The Clia UK boss tells Sam Ballard how the organisation is steering cruise lines in the right direction when it comes to environmental protection
There is arguably no bigger challenge to the cruise sector right now than sustainability. Whether it’s single-use plastics, fuel type or any other number of topics – cruise, as with many other sectors of the travel industry, is under the microscope.
However, the industry is doing a lot of work in this space. From the proposed $5 billion joint fund for research and development, to the International Maritime Organization’s ruling that fuel types can only have a maximum sulphur content of 0.5 per cent (down from 3.5 per cent). So, with that level of investment and legislation being delivered, it’s crucial that the messaging is there, too. This is where the likes of Cia comes in. The organisation is the conduit between cruise line and trade and so is a good first port of call when it comes to finding out more about the industry’s sustainability initiatives. We sat down with Andy Harmer, the organisation’s UK boss, to find out more.
Are cruise lines acting quickly enough to cut out single-use plastic?
Sustainability is integral to how the cruise industry operates, and cruise lines are constantly looking at ways to protect the environment. Cutting single-use plastic is one such example. Many cruise lines have already committed to significantly reducing or completely eliminating single-use plastic onboard, in ways such as using refillable toiletries in cabins, banishing plastic straws and giving guests plastic-free water bottles.

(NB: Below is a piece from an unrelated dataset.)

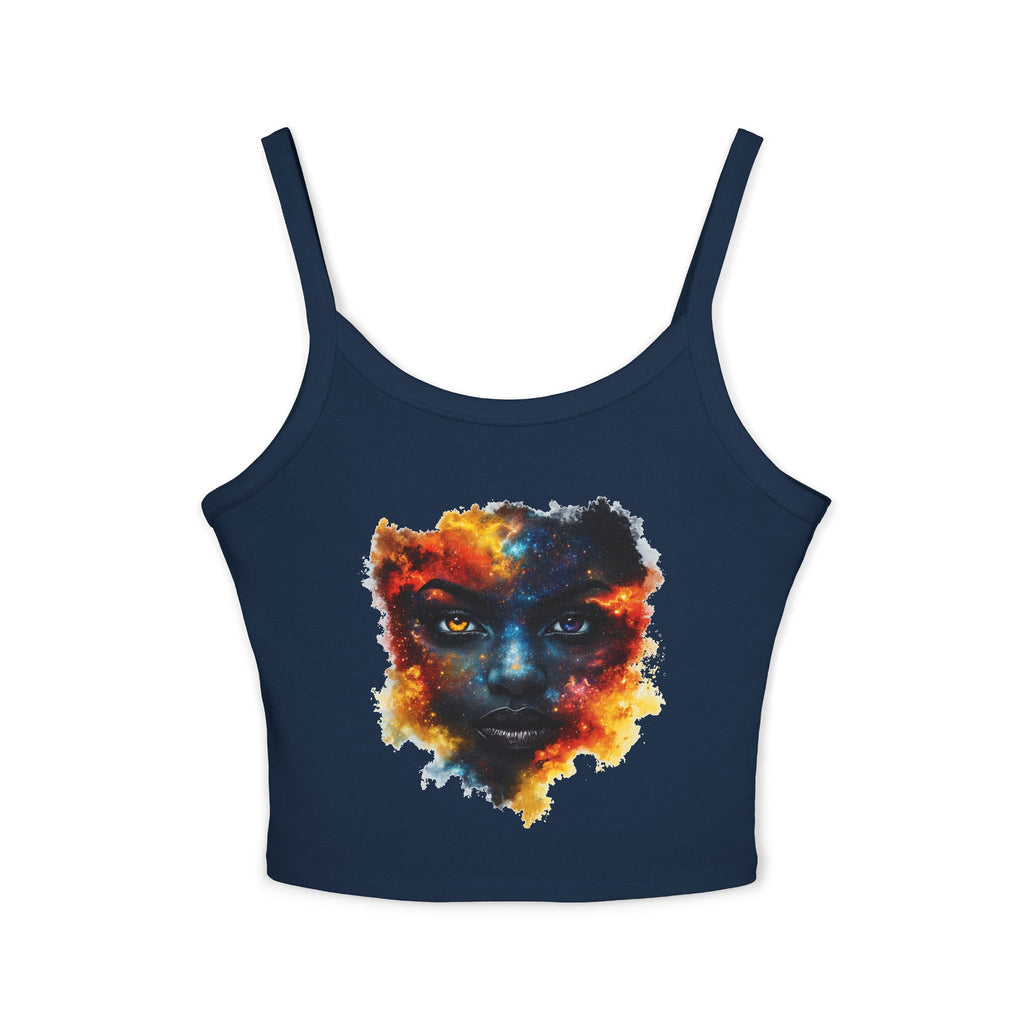 Cosmic Girl  Crop Tank Top — Abstract Galaxy Face Art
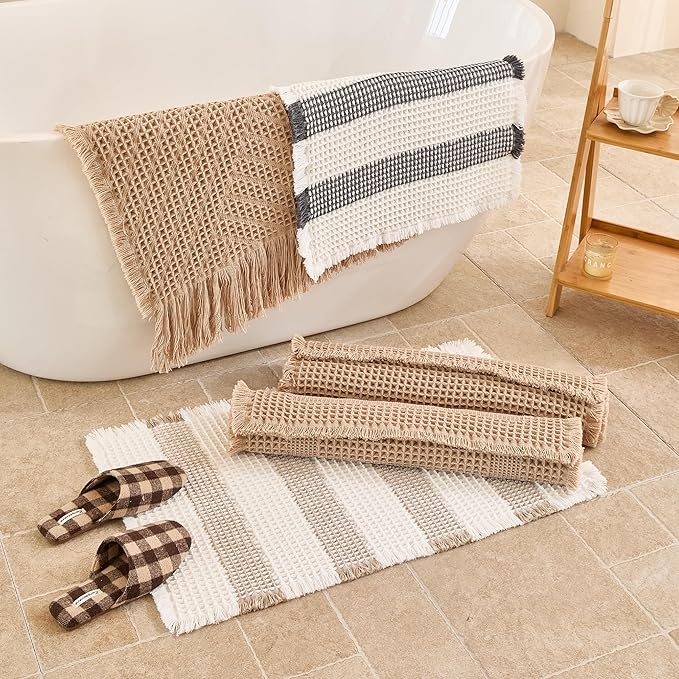 Waffle Bath Mat Non Slip, Boho Runner Rug, Super Absorbent Quick Dry Long Bath Runner Bathroom, Soft Farmhouse Bath Rug with Tassels, Washable Shower Mats for Floor 24"x48", Square Brown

How does cruise change the negative image surrounding its environmental impact?
While cruise lines only represent less than 1 per cent of the global shipping fleet, the cruise industry is at the vanguard of measures being taken to improve the environmental impact of shipping.
CLIA’s areas of focus for environmental improvements include: improving fuel standards to reduce emissions, investing in new technologies and designs to transform the global fleet’s efficiency and performance, and collaborating with leading national and international organisations to advance sustainability efforts.
In many of these areas, great work has already been achieved. CLIA cruise lines have invested more than £16 billion in the development of new energy-efficient technologies and cleaner fuels, such as the use of liquefied natural gas (LNG) for a ship’s propulsion which burns cleaner than any other fossil fuel. Furthermore, in 2018, CLIA cruise lines made the first-ever industry-wide emissions commitment, pledging to reduce the rate of carbon emissions across the fleet by 40 per cent by 2030.
In what ways can cruise lines help combat over tourism in certain destinations?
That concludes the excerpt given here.